In a first-of-its-kind move, the Miami Marlins have partnered with The Famous Group and kamikaze drone pilot Jay Christensen of JayByrd Films to create a unique pre-game hype video that includes a drone flying into Jacob Stallings’ catcher’s mitt.
Other daring shots in the video include National League Cy Young Award winner Sandy Alcántara intentionally throwing a pitch straight at a drone and hitting it perfectly, and infielder Luis Arráez hitting a virtual home run and then literally whacking the drone with his bat flip.

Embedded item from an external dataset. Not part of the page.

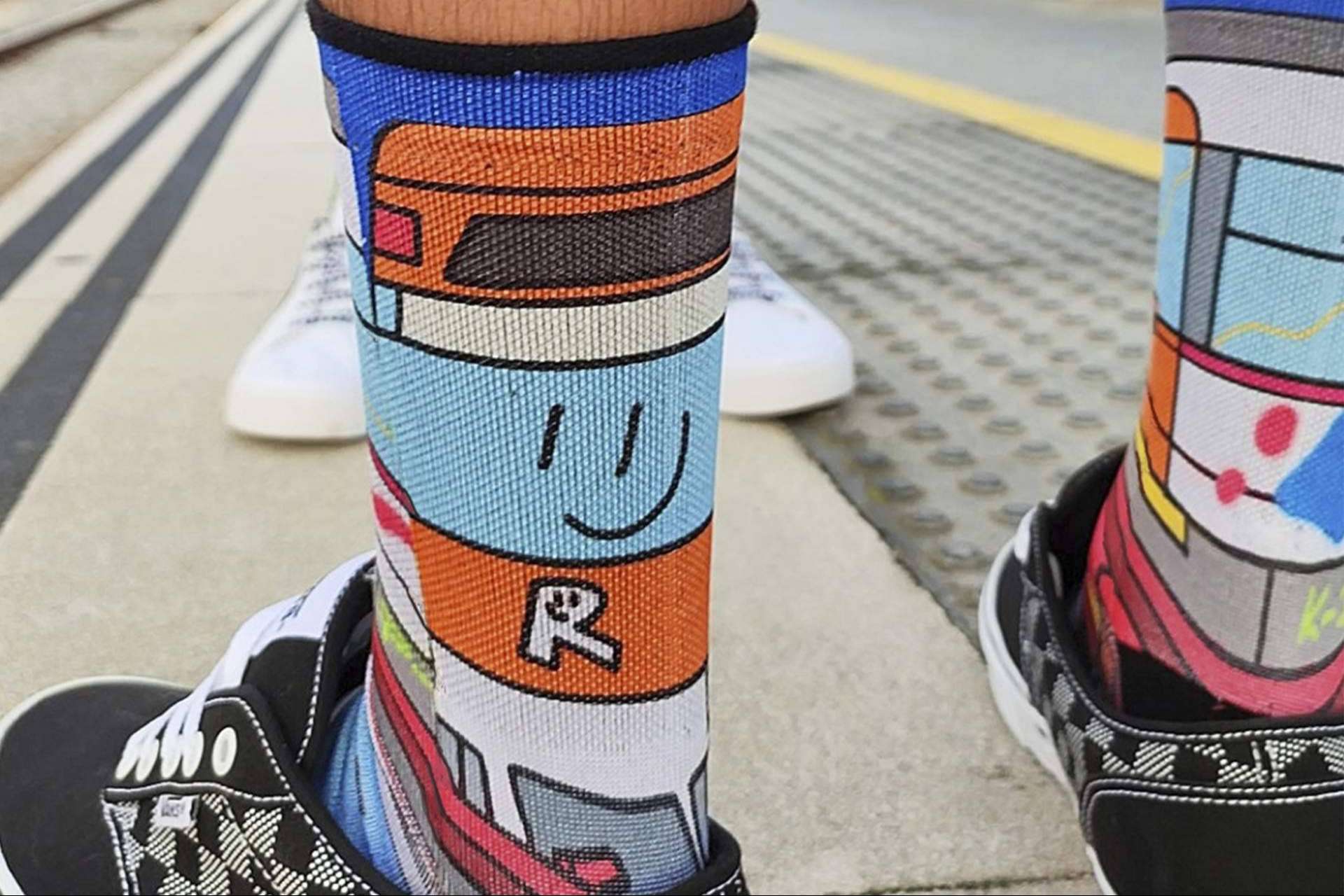 ISOKISI permite crear calcetines tie dye únicos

Christensen, who is referred to as "The Top Gun Maverick" of drone pilots by his colleagues, operated the drone from behind home plate or a dugout, swerving it between the legs of infielders Jazz Chisholm Jr. and Jean Segura while they were taking simulated at-bats. The pilot also chased sky-high fly balls with the drone, as well.
"The players instantly changed their demeanor when they saw drones," said Eric Burak, The Famous Group’s Executive VP, Production. "Jazz Chisholm was asking if he could fly the thing."

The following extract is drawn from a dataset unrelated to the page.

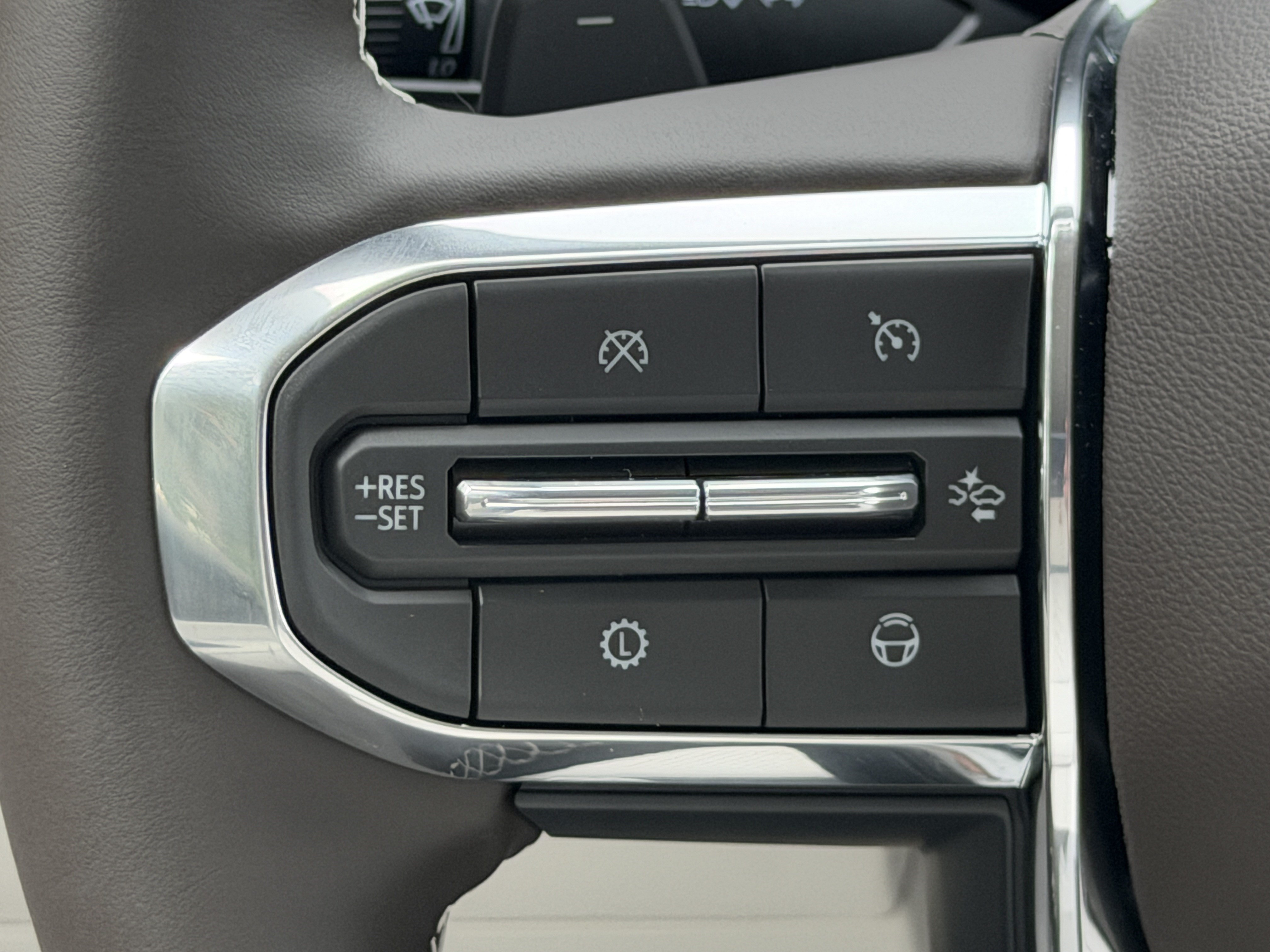 New 2026 GMC Acadia Denali w/ Super Cruise Package FWD image 37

While aerial cinematography is gaining steam as an art form, the Marlins are the first Major League Baseball team to integrate unmanned flying objects into a live action camera shoot with players. According to the Marlins' VP of Marketing, Tiago Pinto, the team wants to incorporate this type of technology to cater to their audience.

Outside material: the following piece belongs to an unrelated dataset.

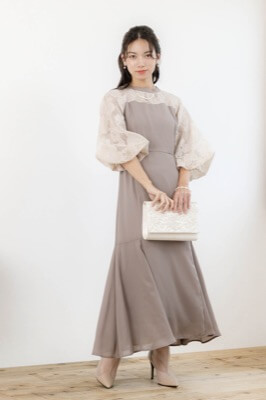 グレージュの花柄オパールドレス<br>metoi | M | A-2702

The Marlins drone idea was initially brainstormed by The Famous Group’s lead creative editor Steve Davis, who immediately thought of JayByrd Films when he heard that the team would provide access to loanDepot park. Christensen had flown drones through bowling alleys, Fenway Park’s NHL Winter Classic, Duke’s Cameron Indoor Stadium, and the Philadelphia Flyers’ arena. But having access to the Marlins players and ballpark had him salivating.
Told they’d be creating a hype video for home Saturday night Heritage games — when the Marlins wear red City Connect jerseys — Christensen and his colleague Erik Nelson brought a Rotor Riot Skylight, an FPV drone that can be fitted with various cameras. They attached a GoPro for the curving shots in between the legs of Chisholm and Segura and a 4K, 420 frame-per-second Freefly Wave camera to depict Alcántara throwing a fastball.
The Marlins assured their players it was okay to "knock the drones askew," and the team believes it is catering to its audience by incorporating drone technology. While drones have been a recent security concern for the NFL and MLB, teams, leagues, and broadcast networks are also deploying drones to get a superior point-of-view of athletes.
For instance, Fox Sports just flew a drone for the first time inside an indoor basketball game at Madison Square Garden’s Big East Tournament, and the network also uses FPV drones to chase 150 mph race cars during NASCAR telecasts. However, for the most part, those drones were behind the scenes.
In the case of the Miami Marlins, they have chosen to place drones front and center, creating a buzz around the team and its innovative use of technology in sports.